> The problem
Below are records that contain pictures; transcribe the text exactly and omit the pictures.

(Excerpts from a dataset)
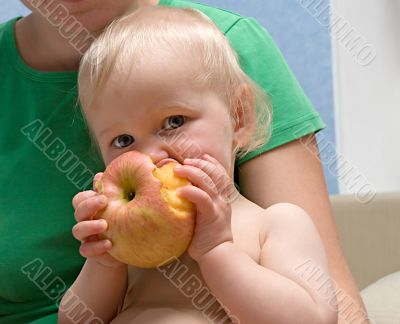 baby and apple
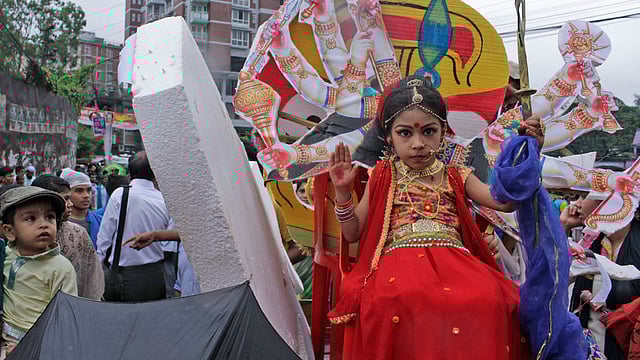 দেবী দুর্গার মতো সেজেছে শিশুটি। ছবিটি সোমবার বিকেলে চট্টগ্রাম নগরের প্রবর্তক মোড় এলাকা থেকে তোলা। ছবি: জুয়েল শীল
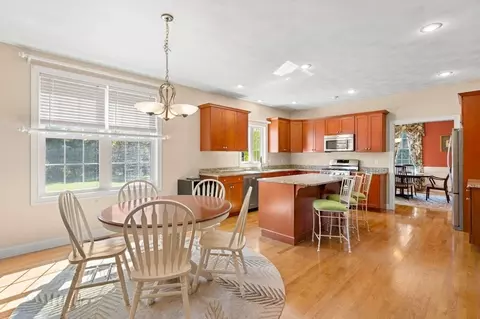 4 Hawk Hill Rd, Beverly, MA 01915 photo 8
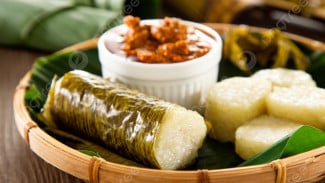 Lemang, Jejak Hangat di Bambu dan Bara Api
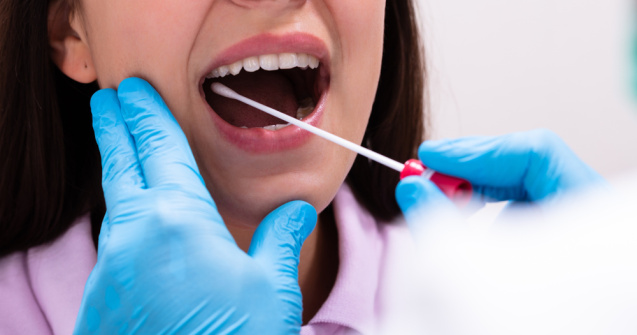 Zile de concediu pentru profesorii care participă la asamblarea testelor COVID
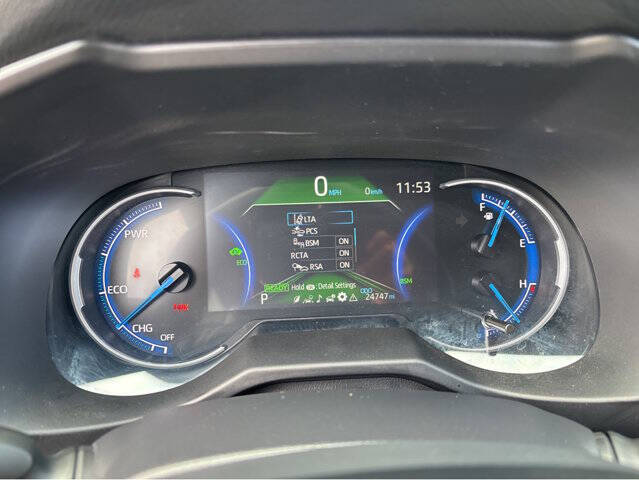 2025 Toyota RAV4 Hybrid XLE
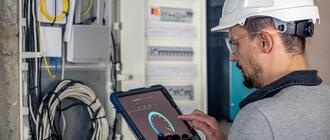 System EMS w fabryce: jak automatyczny monitoring zużycia energii obniża koszty produkcji i ułatwia raportowanie ESG?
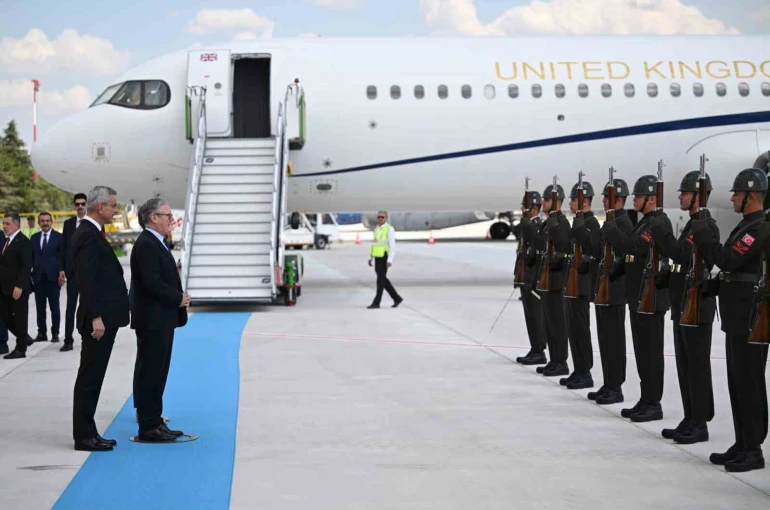 İngiltere Başbakanı Starmer ve Karadağ Başbakanı Spajic Ankara’da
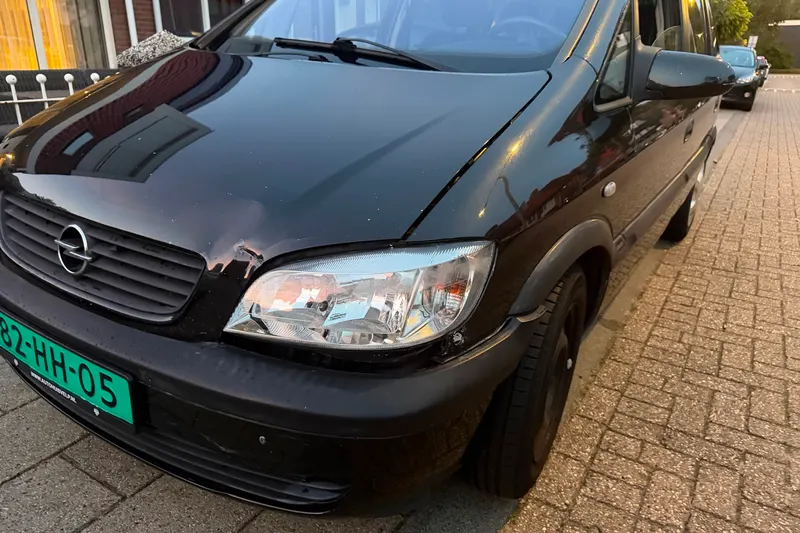 Opel Zafira (2002)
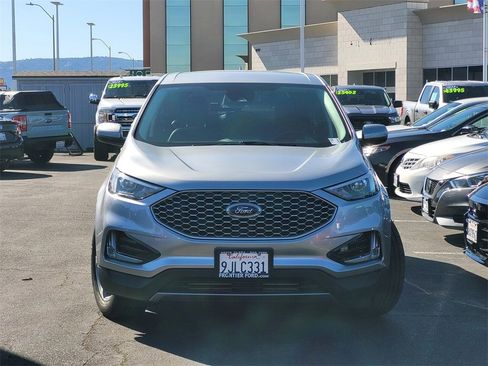 Used 2023 Ford Edge SEL w/ Convenience Package image 2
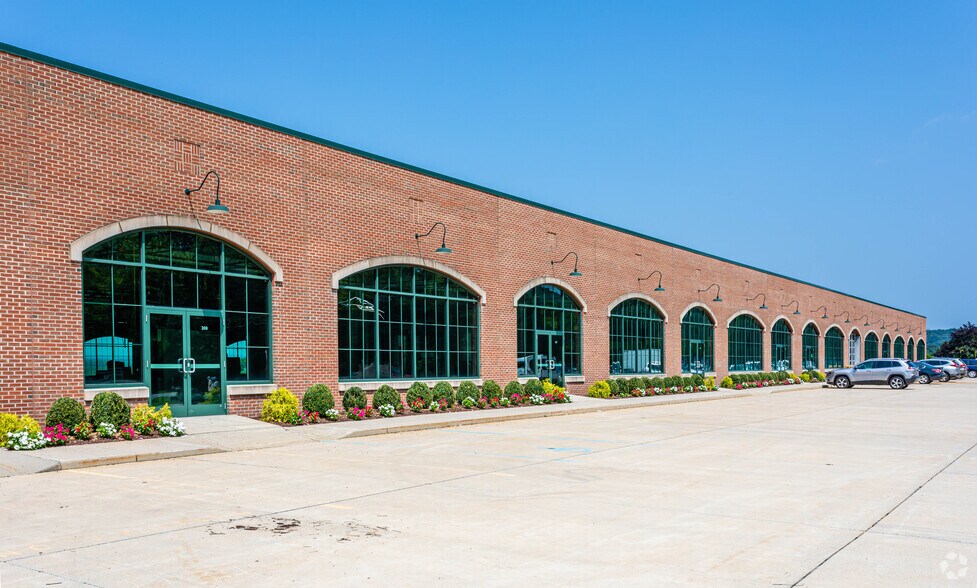 More Photos Of 100 Corporate Dr, Blauvelt Showroom For Lease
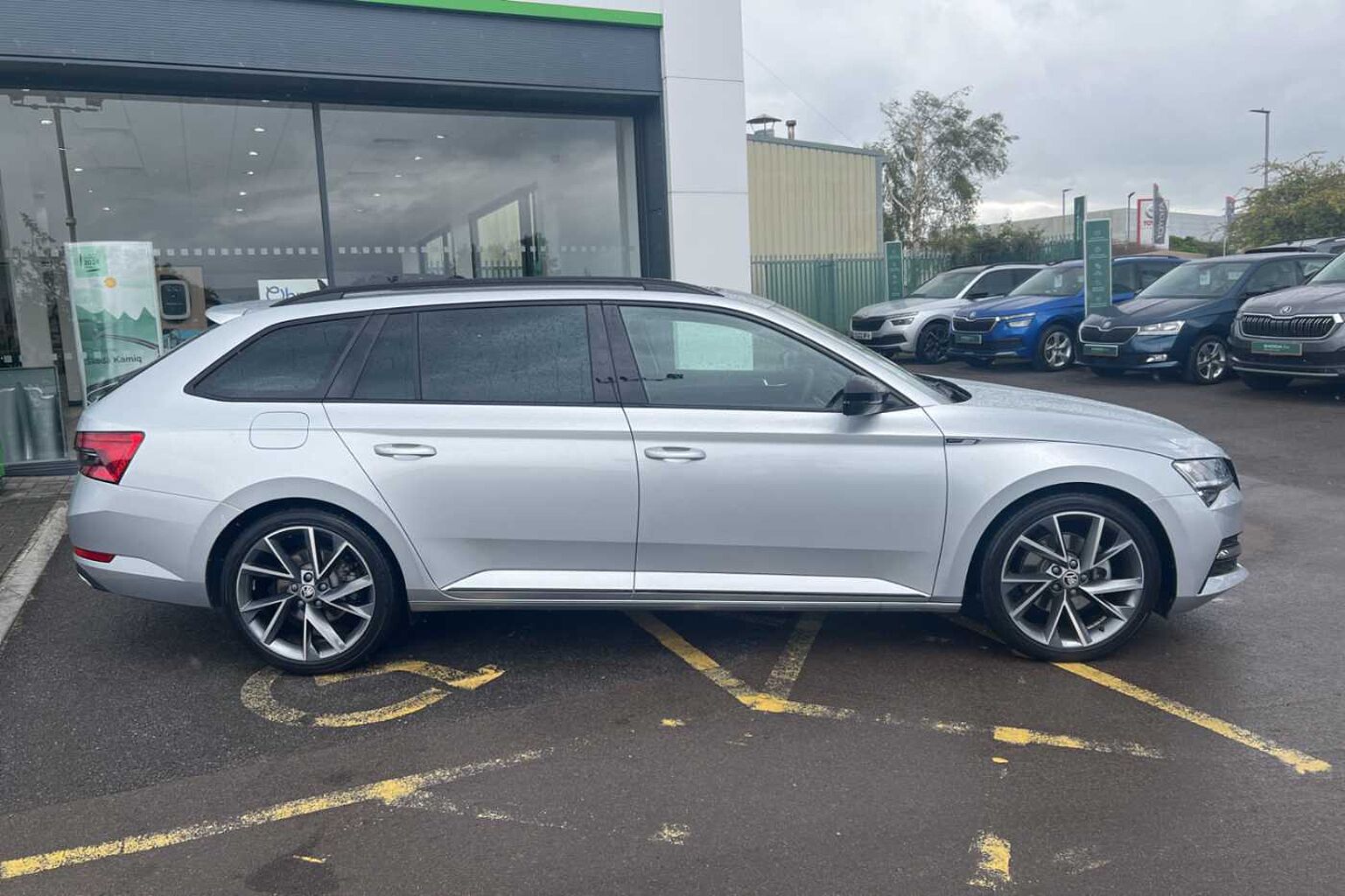 SKODA Superb 2.0TDI (200ps) SportLine Plus SCR DSG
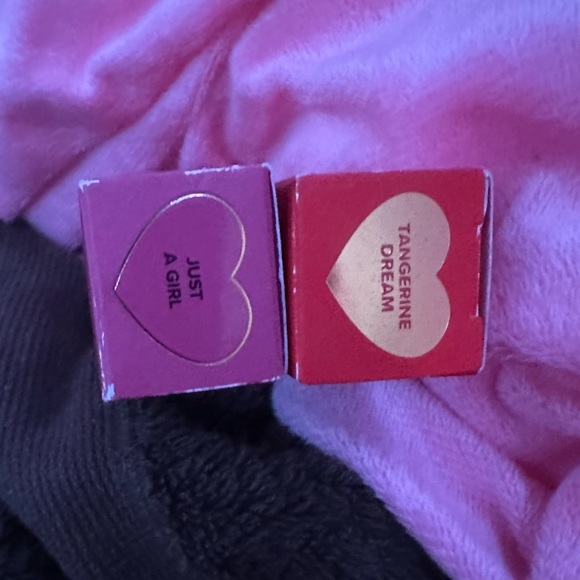 Too faced Lip Plumping - Picture 2 of 2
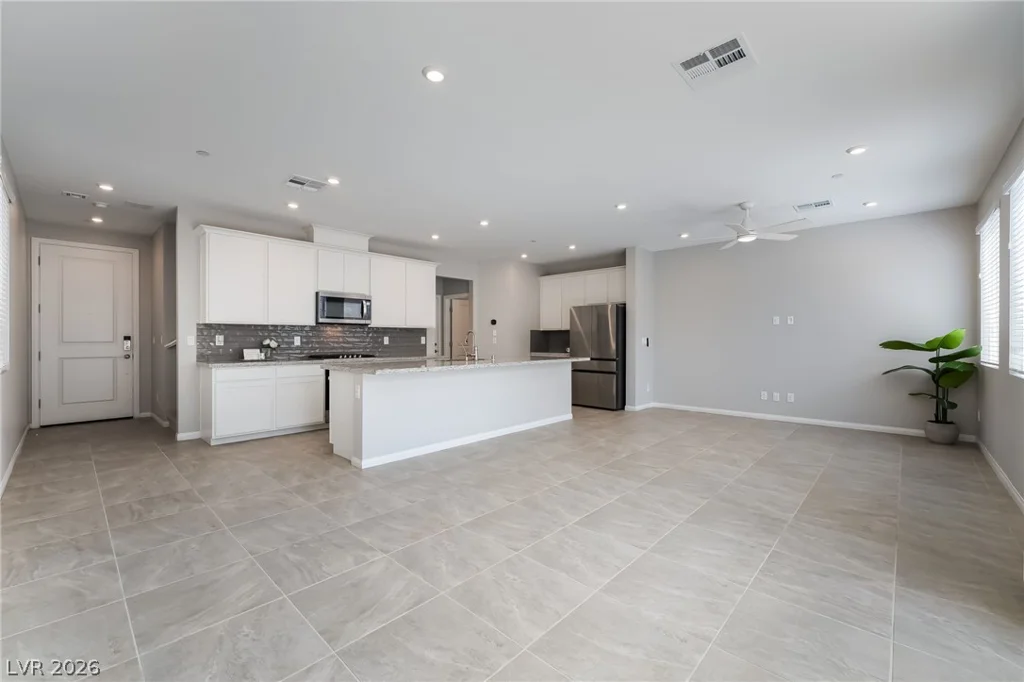 869 Greenspire, Henderson, NV 89011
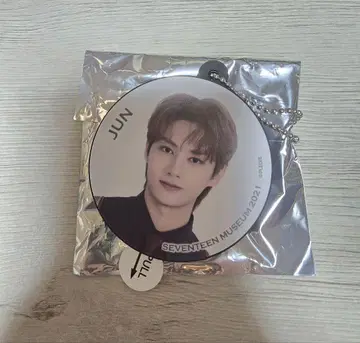 JUN SEVENTEEN MUSEUM 보이스 키링
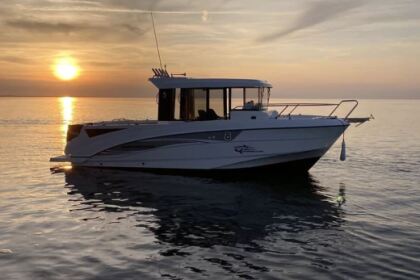 Location Bateau à moteur Beneteau Barracuda 8 Cabourg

> The completed task
 baby and apple
 দেবী দুর্গার মতো সেজেছে শিশুটি। ছবিটি সোমবার বিকেলে চট্টগ্রাম নগরের প্রবর্তক মোড় এলাকা থেকে তোলা। ছবি: জুয়েল শীল
 4 Hawk Hill Rd, Beverly, MA 01915 photo 8
 Lemang, Jejak Hangat di Bambu dan Bara Api
 Zile de concediu pentru profesorii care participă la asamblarea testelor COVID
 2025 Toyota RAV4 Hybrid XLE
 System EMS w fabryce: jak automatyczny monitoring zużycia energii obniża koszty produkcji i ułatwia raportowanie ESG?
 İngiltere Başbakanı Starmer ve Karadağ Başbakanı Spajic Ankara’da
 Opel Zafira (2002)
 Used 2023 Ford Edge SEL w/ Convenience Package image 2
 More Photos Of 100 Corporate Dr, Blauvelt Showroom For Lease
 SKODA Superb 2.0TDI (200ps) SportLine Plus SCR DSG
 Too faced Lip Plumping - Picture 2 of 2
 869 Greenspire, Henderson, NV 89011
 JUN SEVENTEEN MUSEUM 보이스 키링
 Location Bateau à moteur Beneteau Barracuda 8 Cabourg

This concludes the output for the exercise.